What this task involves
Without the images, write out the entries word for word.

Records for the exercise
==========

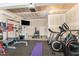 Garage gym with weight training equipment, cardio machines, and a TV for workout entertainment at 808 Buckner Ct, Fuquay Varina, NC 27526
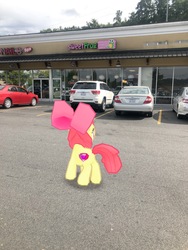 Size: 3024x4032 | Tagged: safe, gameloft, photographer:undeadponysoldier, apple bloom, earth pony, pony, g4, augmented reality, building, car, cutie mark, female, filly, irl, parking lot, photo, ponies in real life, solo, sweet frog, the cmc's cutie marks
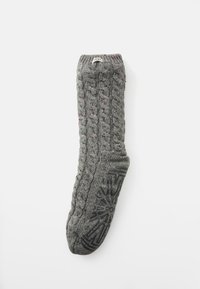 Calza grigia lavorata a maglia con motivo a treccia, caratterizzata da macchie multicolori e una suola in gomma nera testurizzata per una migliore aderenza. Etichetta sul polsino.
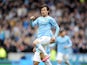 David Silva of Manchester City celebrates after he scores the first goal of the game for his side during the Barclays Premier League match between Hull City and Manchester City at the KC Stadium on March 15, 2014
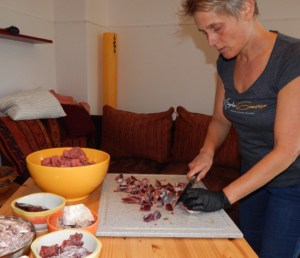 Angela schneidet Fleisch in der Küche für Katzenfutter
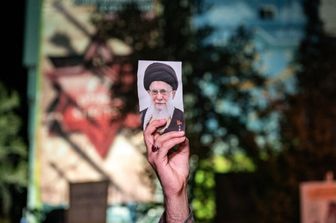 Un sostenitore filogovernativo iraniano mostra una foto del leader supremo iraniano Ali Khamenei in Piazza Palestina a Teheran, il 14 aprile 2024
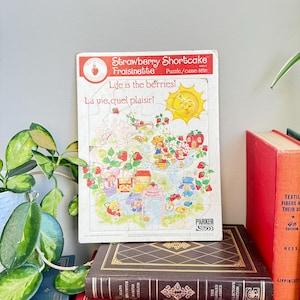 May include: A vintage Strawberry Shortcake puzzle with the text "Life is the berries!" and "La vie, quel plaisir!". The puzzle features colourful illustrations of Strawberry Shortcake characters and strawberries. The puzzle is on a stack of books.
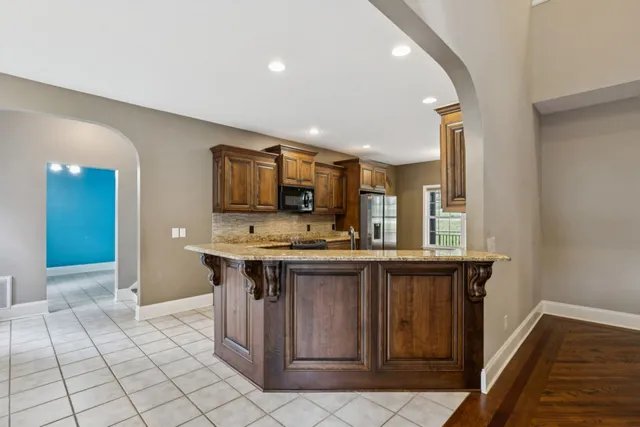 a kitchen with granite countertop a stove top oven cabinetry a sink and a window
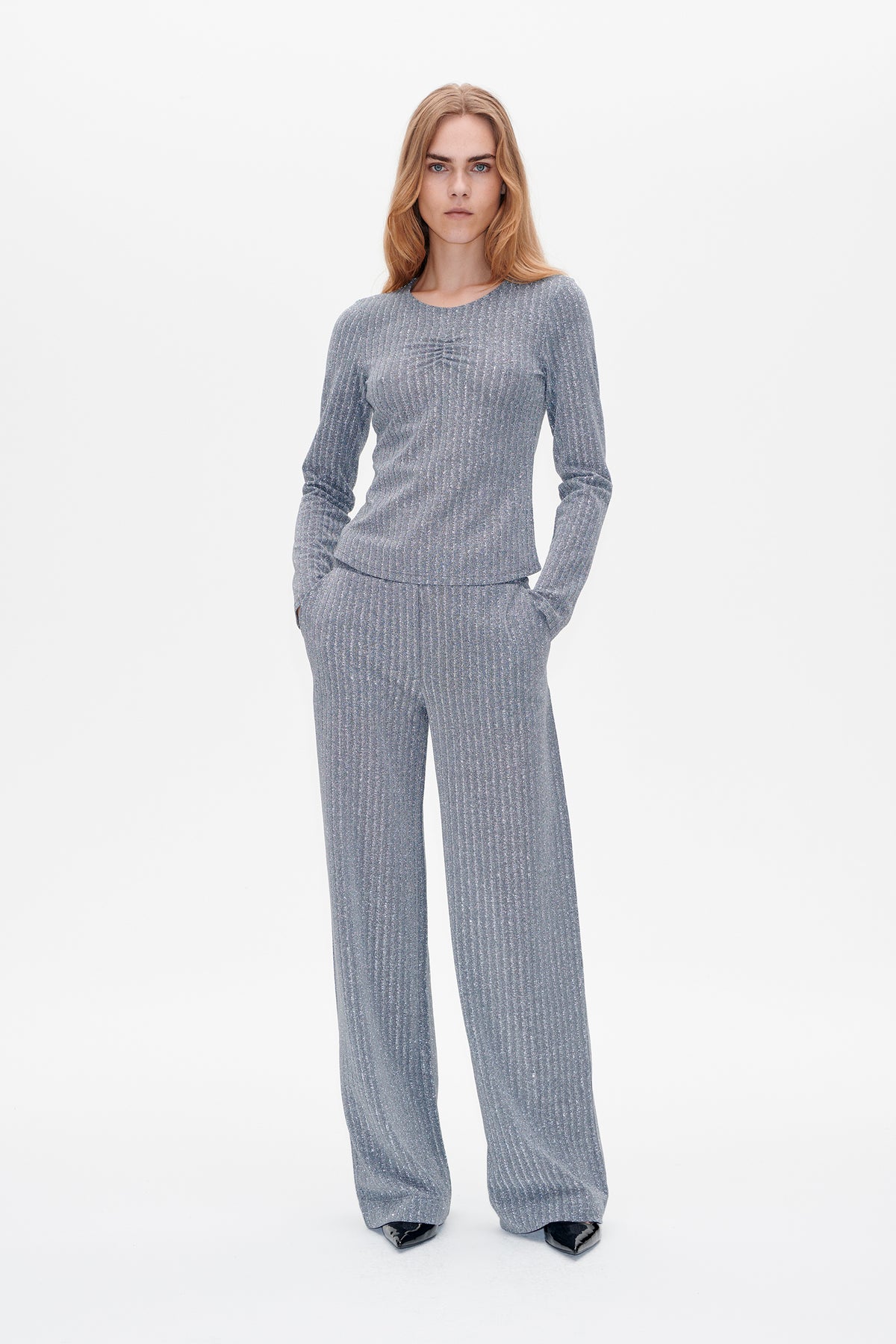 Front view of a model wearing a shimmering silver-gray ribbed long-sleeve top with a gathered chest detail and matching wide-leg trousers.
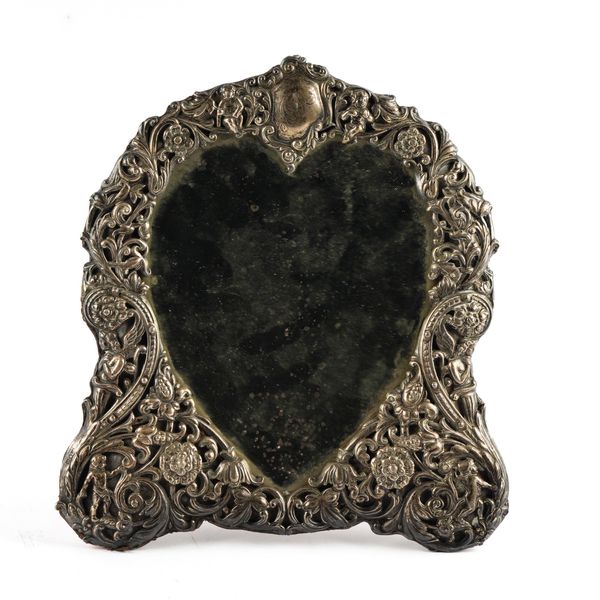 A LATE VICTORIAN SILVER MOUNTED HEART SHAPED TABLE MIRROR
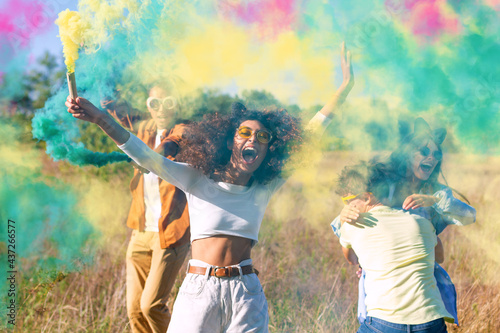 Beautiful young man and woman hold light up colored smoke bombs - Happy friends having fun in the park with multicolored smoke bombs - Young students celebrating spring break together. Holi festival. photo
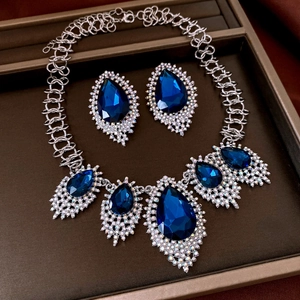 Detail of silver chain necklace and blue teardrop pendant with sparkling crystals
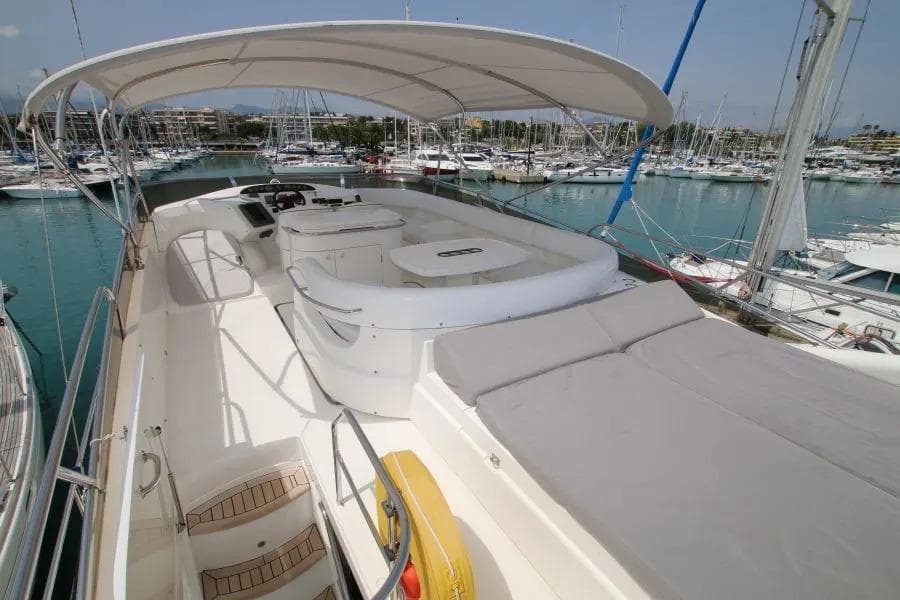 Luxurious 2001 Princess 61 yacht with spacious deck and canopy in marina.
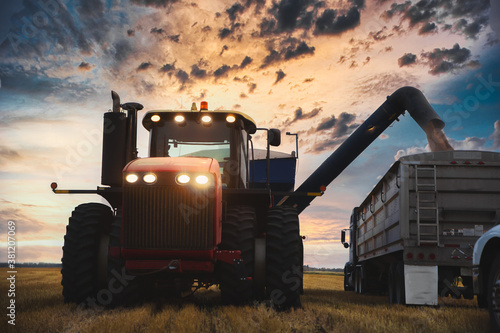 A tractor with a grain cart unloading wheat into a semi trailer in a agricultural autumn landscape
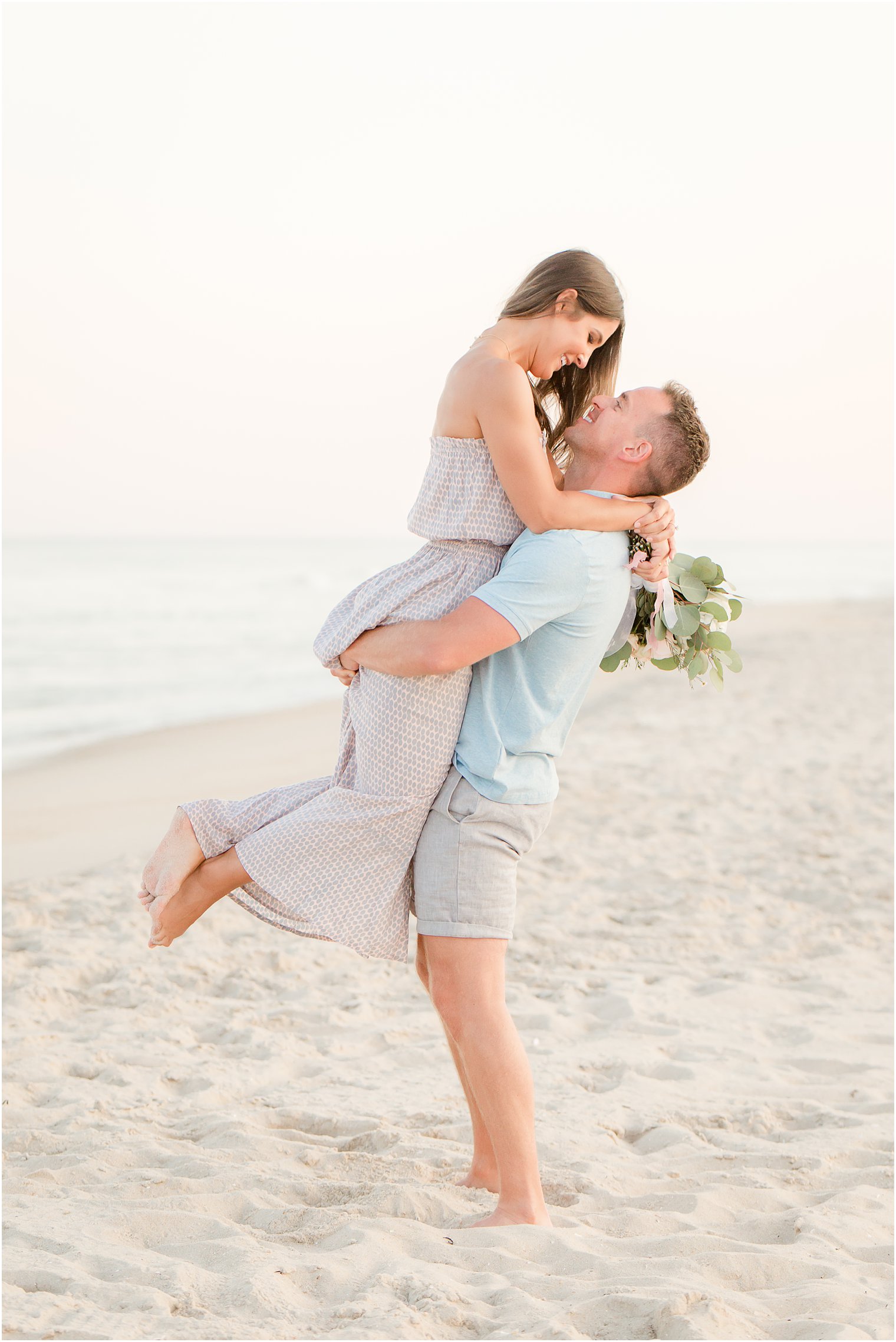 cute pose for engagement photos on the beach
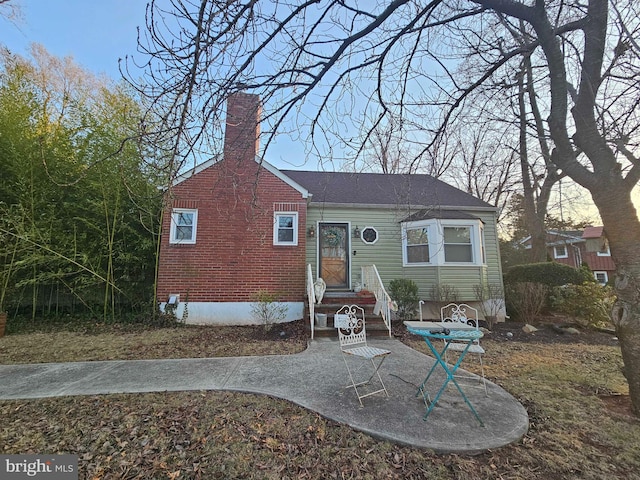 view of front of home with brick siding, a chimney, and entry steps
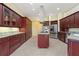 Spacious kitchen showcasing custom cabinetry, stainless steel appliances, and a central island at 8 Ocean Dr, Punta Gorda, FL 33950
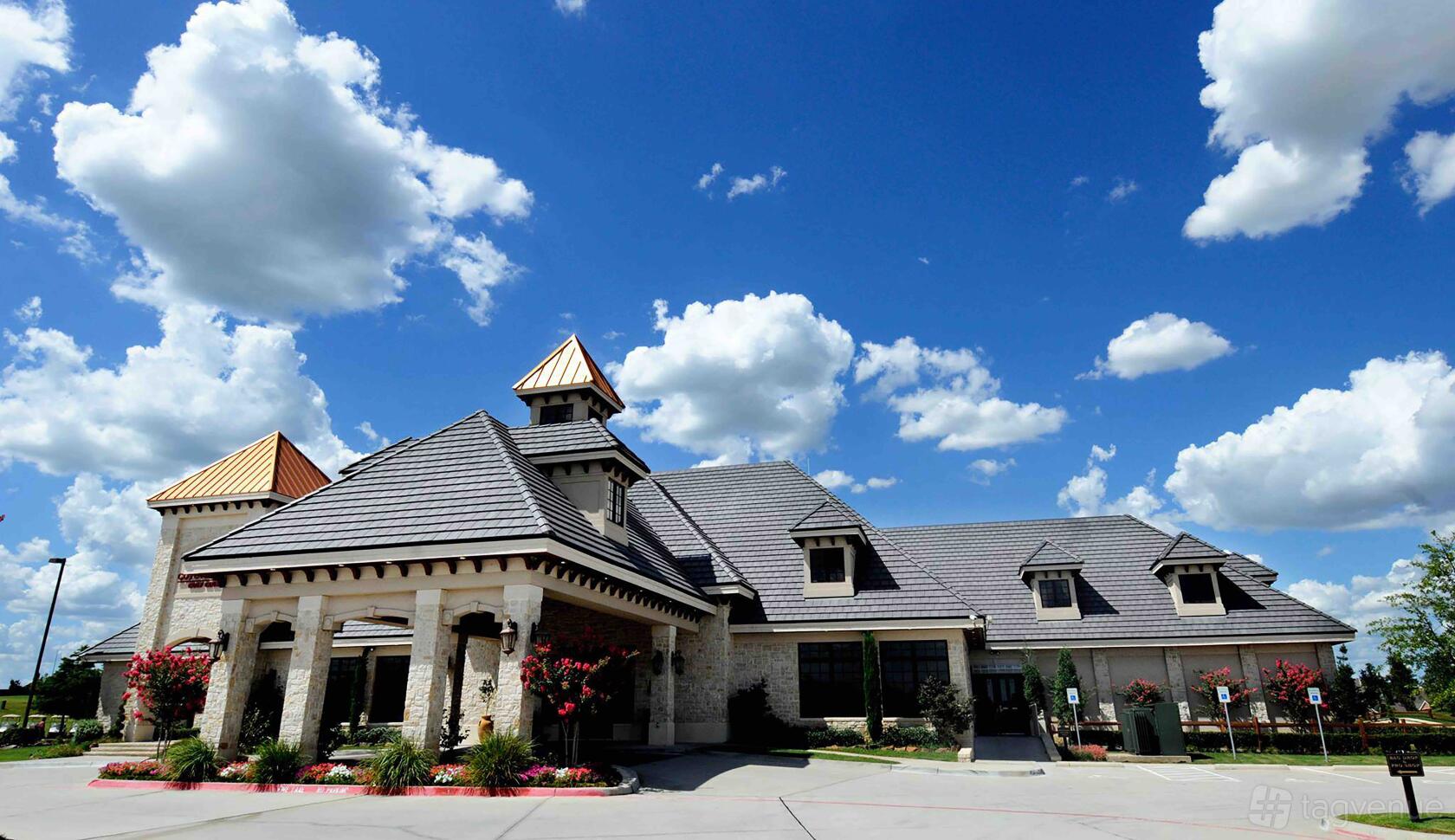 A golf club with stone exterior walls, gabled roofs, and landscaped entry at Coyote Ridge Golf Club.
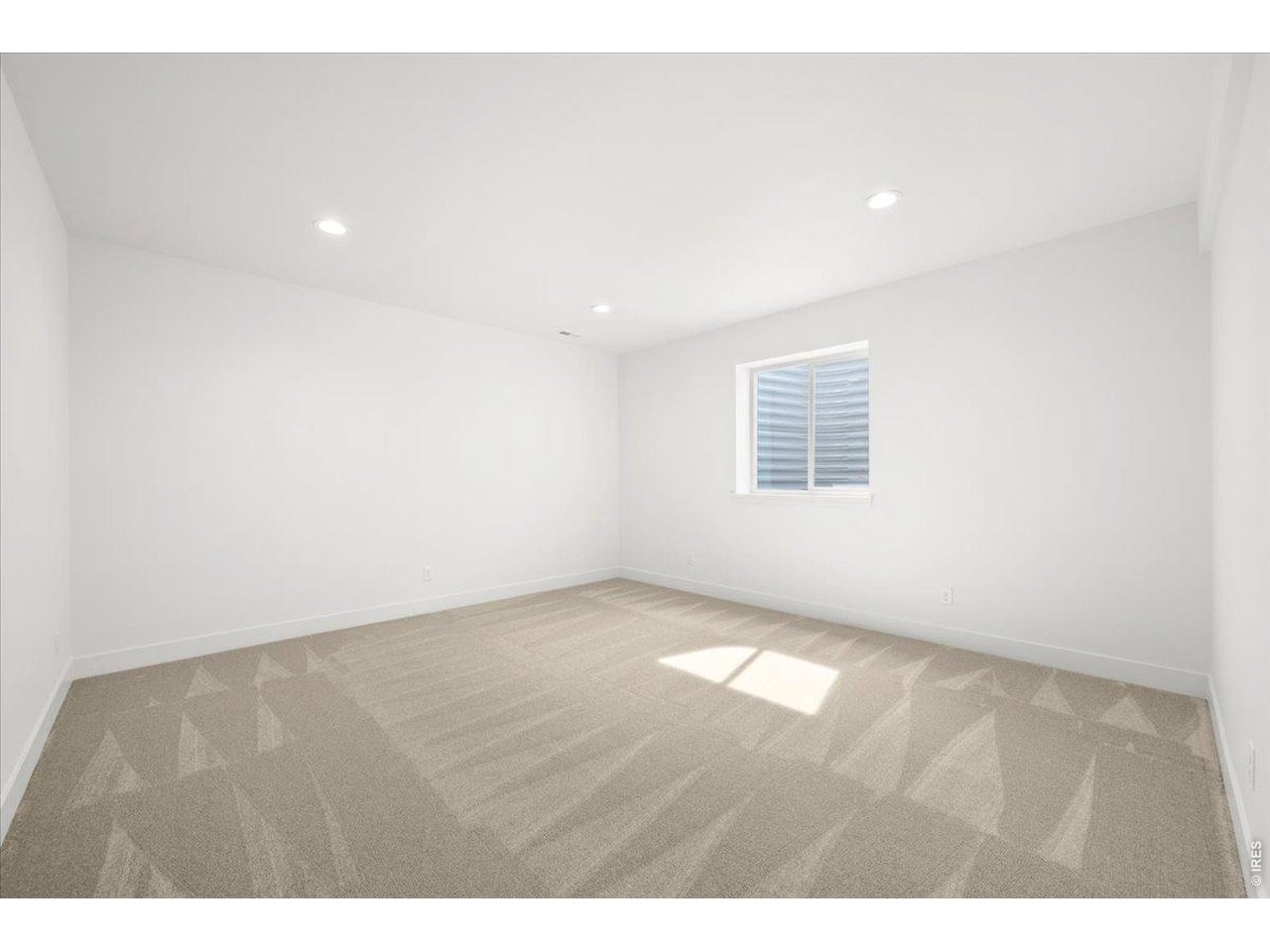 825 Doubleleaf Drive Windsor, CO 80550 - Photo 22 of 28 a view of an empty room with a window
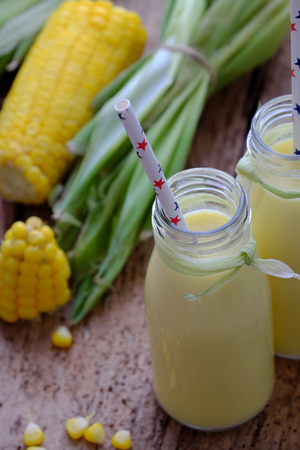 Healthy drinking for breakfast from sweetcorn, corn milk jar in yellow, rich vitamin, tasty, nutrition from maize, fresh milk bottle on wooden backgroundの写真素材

==========

Written response
 Garage gym with weight training equipment, cardio machines, and a TV for workout entertainment at 808 Buckner Ct, Fuquay Varina, NC 27526
 Size: 3024x4032 | Tagged: safe, gameloft, photographer:undeadponysoldier, apple bloom, earth pony, pony, g4, augmented reality, building, car, cutie mark, female, filly, irl, parking lot, photo, ponies in real life, solo, sweet frog, the cmc's cutie marks
 Calza grigia lavorata a maglia con motivo a treccia, caratterizzata da macchie multicolori e una suola in gomma nera testurizzata per una migliore aderenza. Etichetta sul polsino.
 David Silva of Manchester City celebrates after he scores the first goal of the game for his side during the Barclays Premier League match between Hull City and Manchester City at the KC Stadium on March 15, 2014
 Angela schneidet Fleisch in der Küche für Katzenfutter
 Un sostenitore filogovernativo iraniano mostra una foto del leader supremo iraniano Ali Khamenei in Piazza Palestina a Teheran, il 14 aprile 2024
 May include: A vintage Strawberry Shortcake puzzle with the text "Life is the berries!" and "La vie, quel plaisir!". The puzzle features colourful illustrations of Strawberry Shortcake characters and strawberries. The puzzle is on a stack of books.
 a kitchen with granite countertop a stove top oven cabinetry a sink and a window
 Front view of a model wearing a shimmering silver-gray ribbed long-sleeve top with a gathered chest detail and matching wide-leg trousers.
 A LATE VICTORIAN SILVER MOUNTED HEART SHAPED TABLE MIRROR
 Beautiful young man and woman hold light up colored smoke bombs - Happy friends having fun in the park with multicolored smoke bombs - Young students celebrating spring break together. Holi festival. photo
 Detail of silver chain necklace and blue teardrop pendant with sparkling crystals
 Luxurious 2001 Princess 61 yacht with spacious deck and canopy in marina.
 A tractor with a grain cart unloading wheat into a semi trailer in a agricultural autumn landscape
 cute pose for engagement photos on the beach
 view of front of home with brick siding, a chimney, and entry steps
 Spacious kitchen showcasing custom cabinetry, stainless steel appliances, and a central island at 8 Ocean Dr, Punta Gorda, FL 33950
 A golf club with stone exterior walls, gabled roofs, and landscaped entry at Coyote Ridge Golf Club.
 825 Doubleleaf Drive Windsor, CO 80550 - Photo 22 of 28 a view of an empty room with a window
 Healthy drinking for breakfast from sweetcorn, corn milk jar in yellow, rich vitamin, tasty, nutrition from maize, fresh milk bottle on wooden backgroundの写真素材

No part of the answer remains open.